[Collected data]

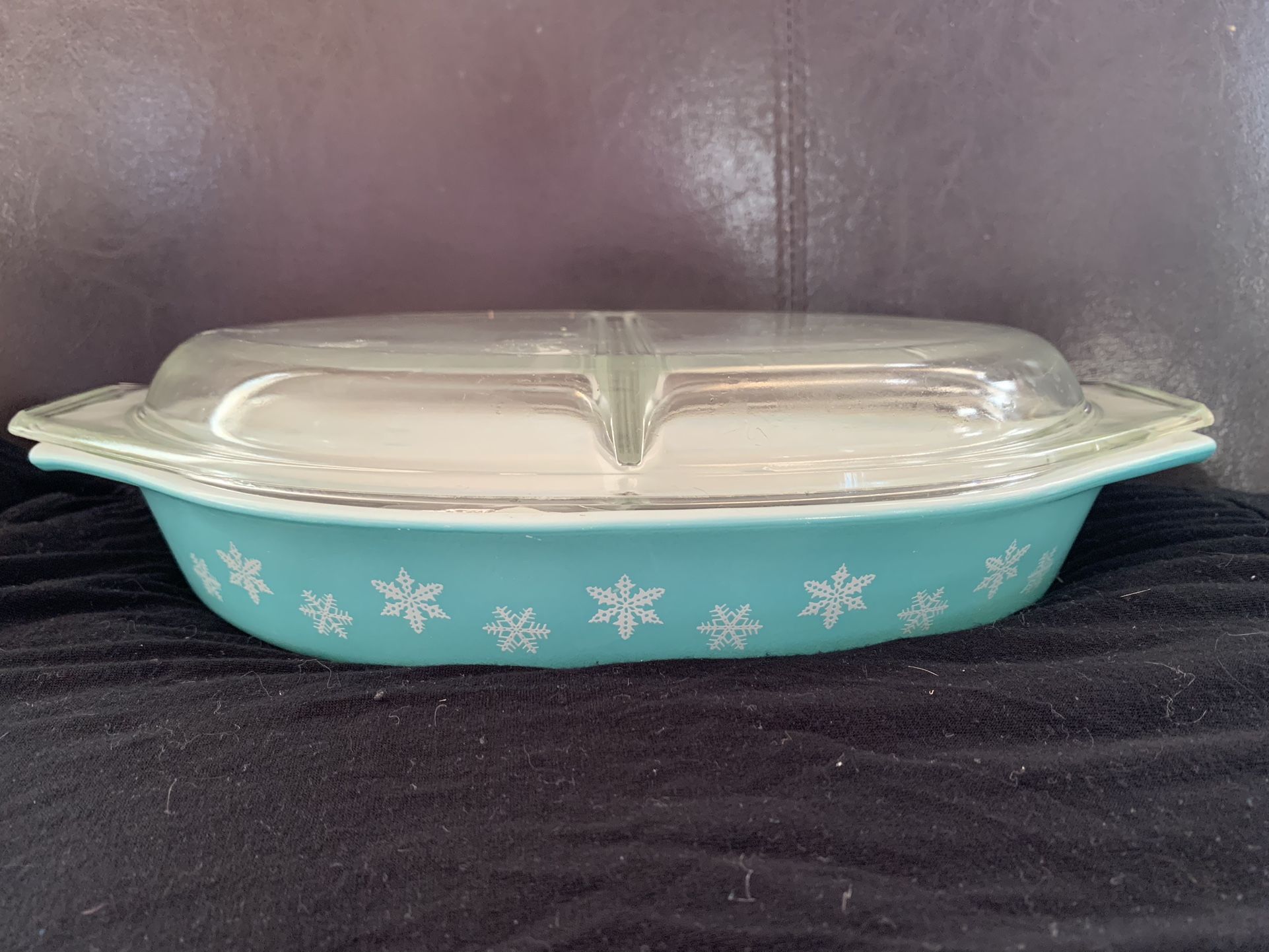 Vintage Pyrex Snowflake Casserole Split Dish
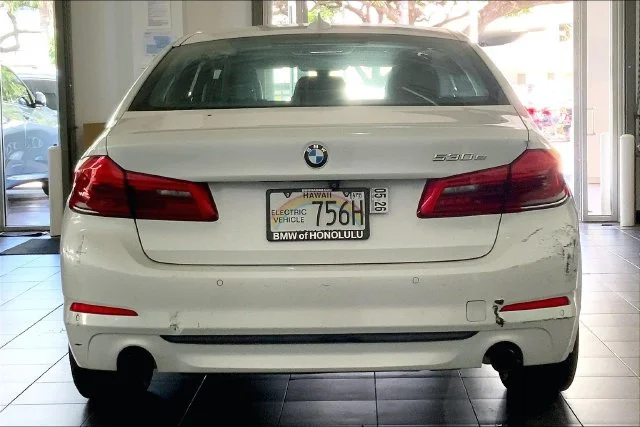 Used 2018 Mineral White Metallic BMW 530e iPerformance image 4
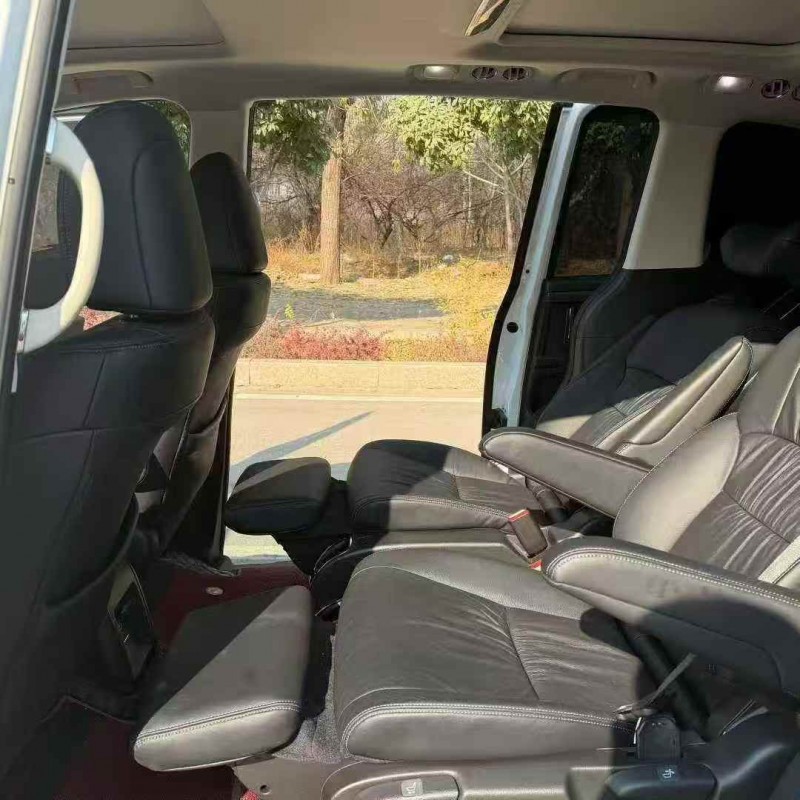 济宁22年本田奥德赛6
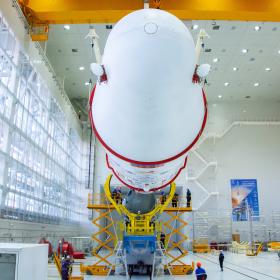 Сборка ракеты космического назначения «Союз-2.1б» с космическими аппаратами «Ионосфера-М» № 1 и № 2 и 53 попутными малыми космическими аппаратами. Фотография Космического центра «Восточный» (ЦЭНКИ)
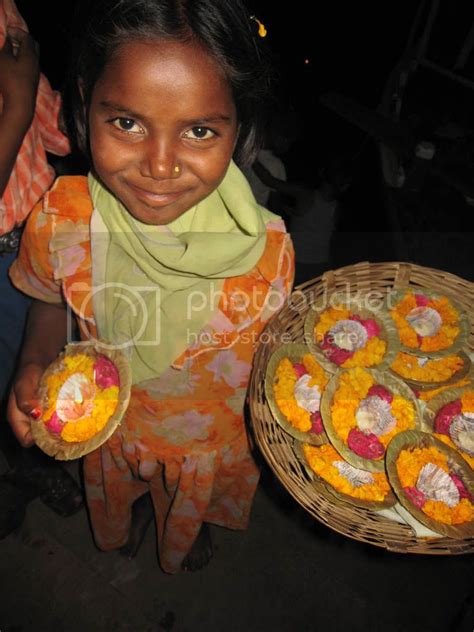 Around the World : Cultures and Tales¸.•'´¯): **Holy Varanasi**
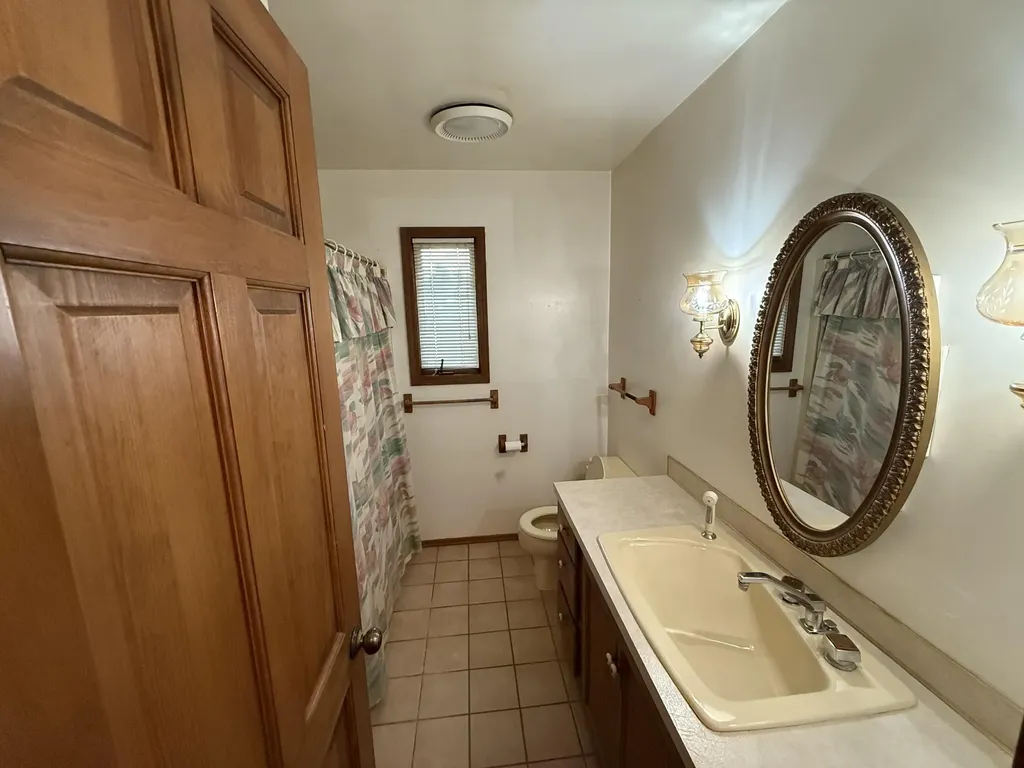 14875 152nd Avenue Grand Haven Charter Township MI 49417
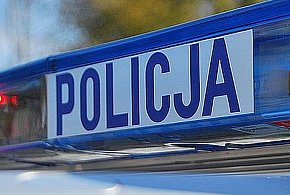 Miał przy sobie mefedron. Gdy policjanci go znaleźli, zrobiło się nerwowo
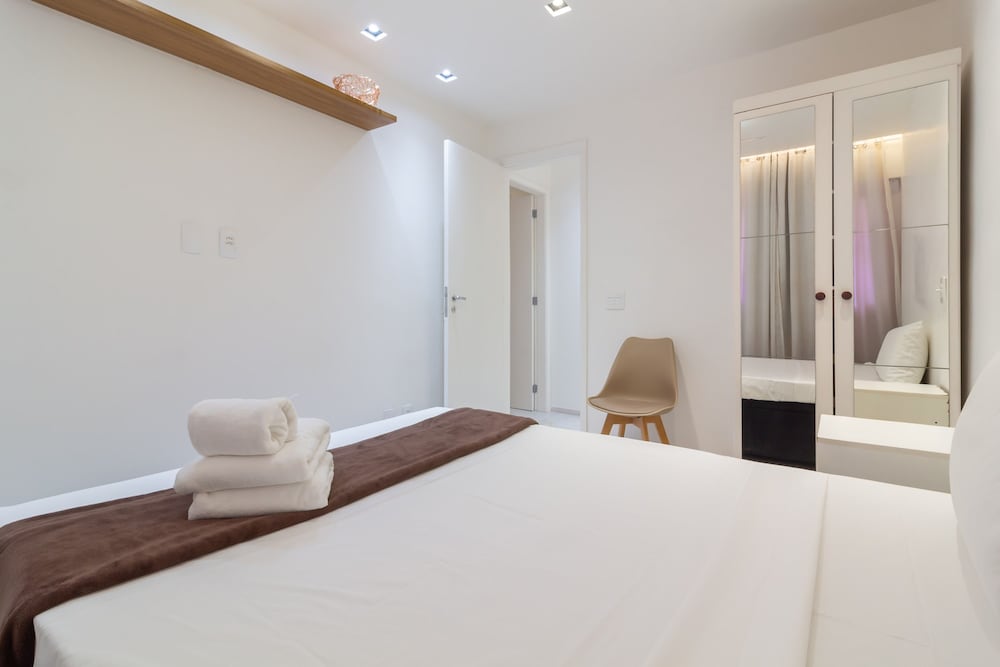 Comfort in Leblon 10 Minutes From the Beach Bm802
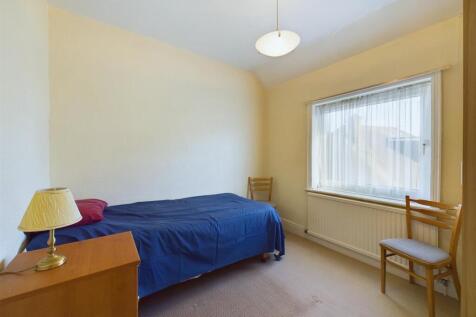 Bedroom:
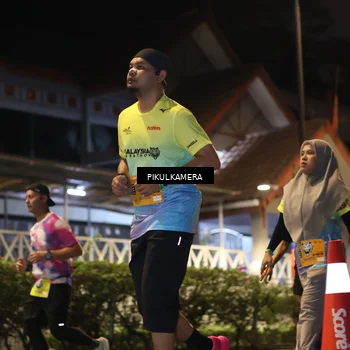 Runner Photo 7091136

TASK GOAL
In the data, the line that contains "Сборка ракеты космического" begins the part to write out; restate it and each line after it word for word through the end, with no pictures.

SOLUTION FOR THIS TASK
 Сборка ракеты космического назначения «Союз-2.1б» с космическими аппаратами «Ионосфера-М» № 1 и № 2 и 53 попутными малыми космическими аппаратами. Фотография Космического центра «Восточный» (ЦЭНКИ)
 Around the World : Cultures and Tales¸.•'´¯): **Holy Varanasi**
 14875 152nd Avenue Grand Haven Charter Township MI 49417
 Miał przy sobie mefedron. Gdy policjanci go znaleźli, zrobiło się nerwowo
 Comfort in Leblon 10 Minutes From the Beach Bm802
 Bedroom:
 Runner Photo 7091136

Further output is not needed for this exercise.